On the 22nd of April 1970, the modern environmental movement was born. A national demonstration named Earth Day was organized by a senator and consisted of numerous, coordinated rallies across the United States.
Earth Day inspired 20 million Americans, from a diverse range of organizations and backgrounds, to take to the streets and demonstrate against the environmental impacts of industrial development.
The actions that day marked a turning point and gave a voice to an emerging public consciousness about the state of our planet. It also led to the creation of the Environment Protection Agency the same year and the passage of other new environmental laws, including the National Environmental Education Act, the Occupational Safety and Health Act, and the Clean Air Act.
Now globally recognized, the history of Earth Day lives on and represents a moment to celebrate the progress made since 1970 and to inspire us to take action to protect the planet.
Here are some Earth Day ideas that you as an individual can do throughout the year to contribute.
Switching off the lights, turning off your tv or computer rather than leaving it on standby, making sure your plug sockets are ‘off’ when you’re not using them are all small steps you can take to save energy.
Fossil fuels used to provide energy are well known to pollute the atmosphere, but even if your energy comes from renewable sources there is a need to conserve it.
It’s not just about the energy itself but about the wear and tear of the products used to generate and deliver the energy. The less they’re used the less they will need to be replaced, saving materials as well as energy in the long run.
Limit water usage
Water is essential for human being’s survival and whilst it seems like water is everywhere, it is a precious resource. Only one percent of the Earth’s water can be used by humans and the longer, hotter summers brought on by climate change are putting pressure on its availability.
Switching off the tap when you’re brushing your teeth, taking shorter showers, only half filling the sink when you’re washing up or washing your face all helps to conserve water.

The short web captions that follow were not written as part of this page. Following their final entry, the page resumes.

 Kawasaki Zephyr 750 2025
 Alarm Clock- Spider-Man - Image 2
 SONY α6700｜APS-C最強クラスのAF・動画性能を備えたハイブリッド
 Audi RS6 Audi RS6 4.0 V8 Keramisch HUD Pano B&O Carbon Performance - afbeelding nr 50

You can even use left-over dishwater to water your plants, rather than turning on the tap to fill your watering can.
We’re all getting more used to taking reusable bags to the shops and many of us are recycling more, but there is a long way to go to reduce the amount of waste that ends up in landfill.

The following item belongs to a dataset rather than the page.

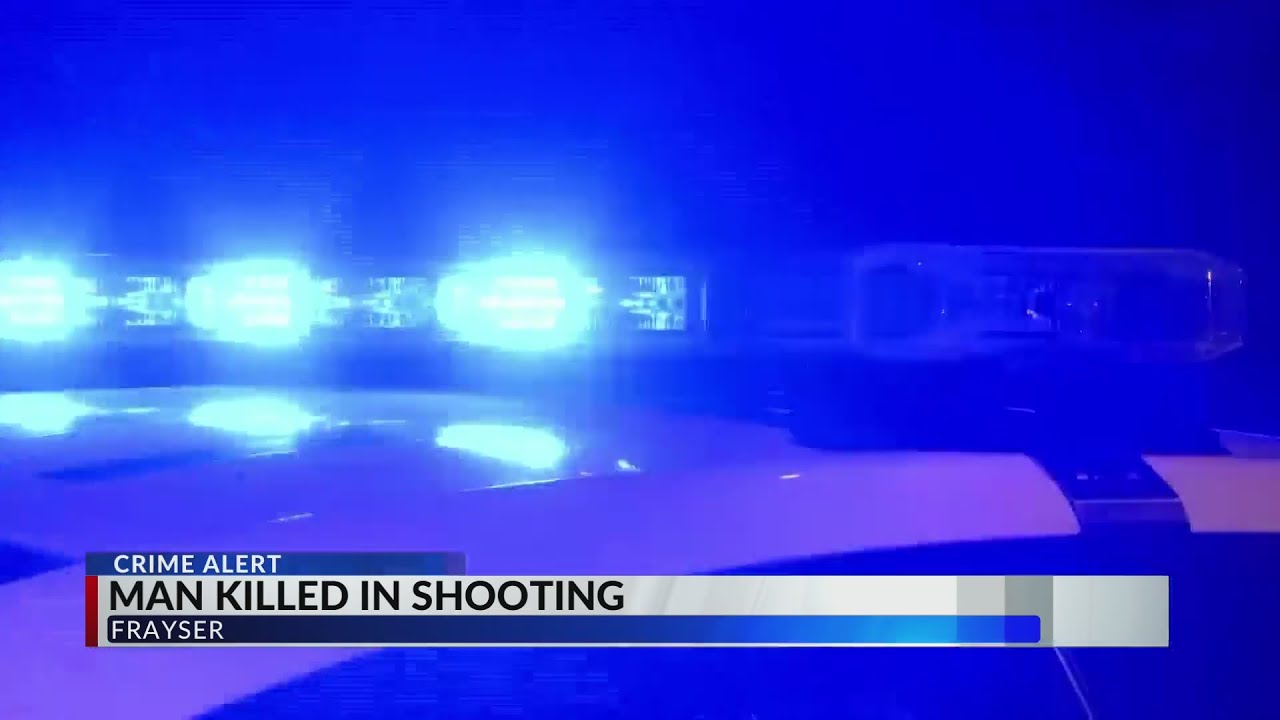 One dead after Frayser shooting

Plastics have long been the enemy of waste warriors but any waste puts pressure on the environment. Even food, when placed in an airtight landfill, can take years to decompose causing air, water and soil pollution.

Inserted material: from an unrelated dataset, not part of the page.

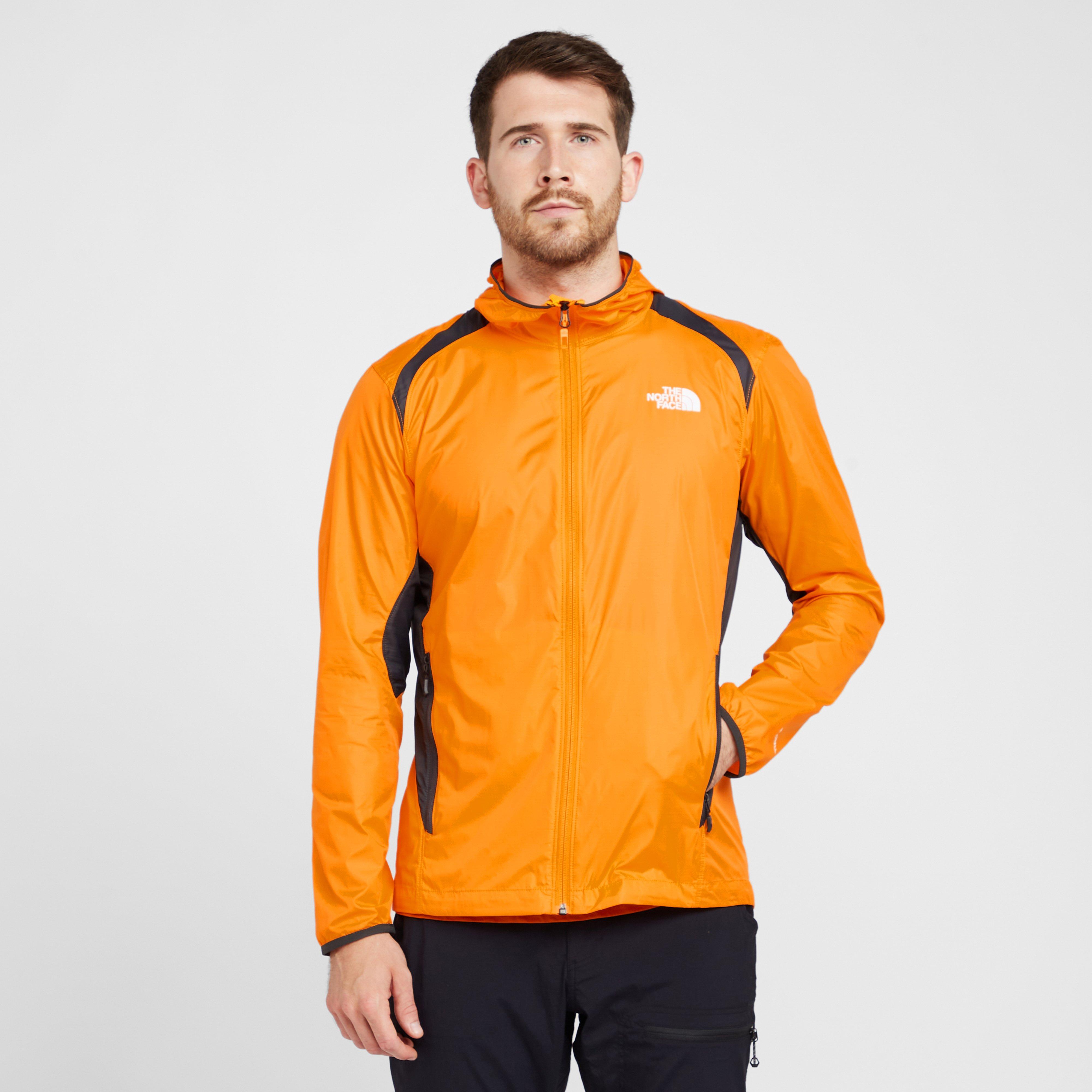 Men’s Athletic Outdoor Full Zip Wind Jacket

The best way to reduce food waste is to avoid it in the first place. Try to only buy what you will use, share it with a neighbor, make a soup with food that is near the end of its shelf life. Setting up a compost bin at home is a great way to recycle your food waste and produce your own fertilizer.
With other waste, many items considered to be single-use have a second life, it just needs a bit of imagination! Plastic bottles and glass jars can be washed and re-used, cardboard packaging makes great art projects, egg cartons and tetra packs are perfect for growing seedlings.
Plant a tree
Trees are an essential part of our ecosystem. They absorb carbon from the atmosphere and they contribute to the balance of oxygen, carbon dioxide and humidity in the air. They also provide vital habitats for the majority of the worlds animals, birds and insects.
Participating in a tree planting scheme is a great way to help restore those that are being cut down through deforestation or are being destroyed by natural events, such as wildfires.
Join a local group
The number of climate-conscious community groups is growing every day. You could join your local litter pick, help to run a recycling campaign or join an awareness-raising event.
There are also many online support groups offering advice and ideas for living more sustainably, from reducing single-use plastics to reducing your consumption of meat and animal products.
It's also a great way of meeting like-minded people and making new friends!
Become a climate champion
Talking about your ideas and actions is a great way to motivate other people to make small changes. Talk to your friends and family about what you can do and pledge to change a habit together.
Often the idea of tackling climate change can feel overwhelming but small steps really do make a difference. The more we do, the more we talk about it the more people take action, the healthier we can make the planet – together.